- Born: Kenya
- Citizenship: Kenyan
- Education: Catholic University of Eastern Africa (Bachelor of Laws) Kenya School of Law (Advocates Training Program) University of Turin Department of Law (Master of Laws)
- Occupations: Lawyer, corporate executive
- Years active: 2011–present
- Title: Intellectual property & entertainment attorney

= Elizabeth Lenjo =

Kenyan lawyer

Elizabeth Lenjo is a Kenyan lawyer and the chair of the Kenya Copyright Tribunal. She also sits on the board of Kenya's Nuclear Power and Energy Agency.

==Background and education==
Lenjo was born in Kenya, June 19, 1986. After attending local primary and secondary schools, she was admitted to the Catholic University of Eastern Africa, graduating in 2009 with a Bachelor of Laws degree. After attending the Advocates Training Program at the Kenya School of Law, she was admitted to the Kenyan bar.
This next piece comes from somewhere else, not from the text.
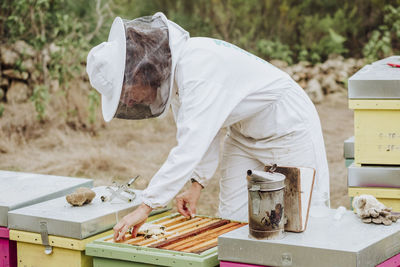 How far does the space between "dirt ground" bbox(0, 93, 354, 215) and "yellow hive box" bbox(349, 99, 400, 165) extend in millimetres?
2234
In 2016, she was one of the 40 applicants admitted to the Master of Laws degree course at the University of Turin in Italy, specializing in intellectual property law. The course is administered by the University of Turin Department of Law in conjunction with the World Intellectual Property Organization. She graduated in 2017.

She holds certificates in intellectual property law, mediation, arbitration and related subjects from WIPO and Harvard University. She also has a certificate in fashion law, obtained from Fordham University School of Law in New York City.

==Career==
Lenjo is a lawyer, advocate of the High Court of Kenya, and expert in the areas of intellectual property law, media law, and entertainment law. She is a practitioner of arbitration and alternative dispute resolution.
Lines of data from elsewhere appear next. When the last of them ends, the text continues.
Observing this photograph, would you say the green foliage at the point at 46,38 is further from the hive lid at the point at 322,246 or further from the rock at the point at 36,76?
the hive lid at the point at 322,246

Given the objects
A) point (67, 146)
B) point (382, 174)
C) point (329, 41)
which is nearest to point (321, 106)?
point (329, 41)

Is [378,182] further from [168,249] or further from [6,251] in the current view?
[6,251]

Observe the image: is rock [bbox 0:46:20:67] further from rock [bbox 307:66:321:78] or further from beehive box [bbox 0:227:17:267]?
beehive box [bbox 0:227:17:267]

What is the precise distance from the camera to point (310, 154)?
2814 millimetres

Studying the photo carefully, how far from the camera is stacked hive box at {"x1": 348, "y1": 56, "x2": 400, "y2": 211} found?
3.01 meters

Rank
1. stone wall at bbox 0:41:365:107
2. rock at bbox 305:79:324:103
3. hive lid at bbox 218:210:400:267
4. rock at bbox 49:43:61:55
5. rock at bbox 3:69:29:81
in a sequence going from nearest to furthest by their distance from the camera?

After practicing solo for nearly six years, Lenjo co-founded Kikao Law Firm with legal partner Sarah Ochwada, who specializes in sports and entertainment law. After disbanding Kikao Law, she now heads MyIP, a boutique Law firm.

Lenjo lectured at Strathmore University, teaching media law and ethics at the university's school of law and teaching business law at the university's school of mathematics.

She was appointed to chair the C Kenyaopyright Tribunal by Chief Justice Hon. Martha Koome, She also sits on the board of the Nuclear Power and Energy Agency.

==Family==
Lenjo is married to Al Kags, and they have two children.

==Other considerations==
In September 2018, Business Daily Africa, a Kenyan, English language, daily newspaper, named Lenjo among the "Top 40 Under 40 Women in Kenya in 2018".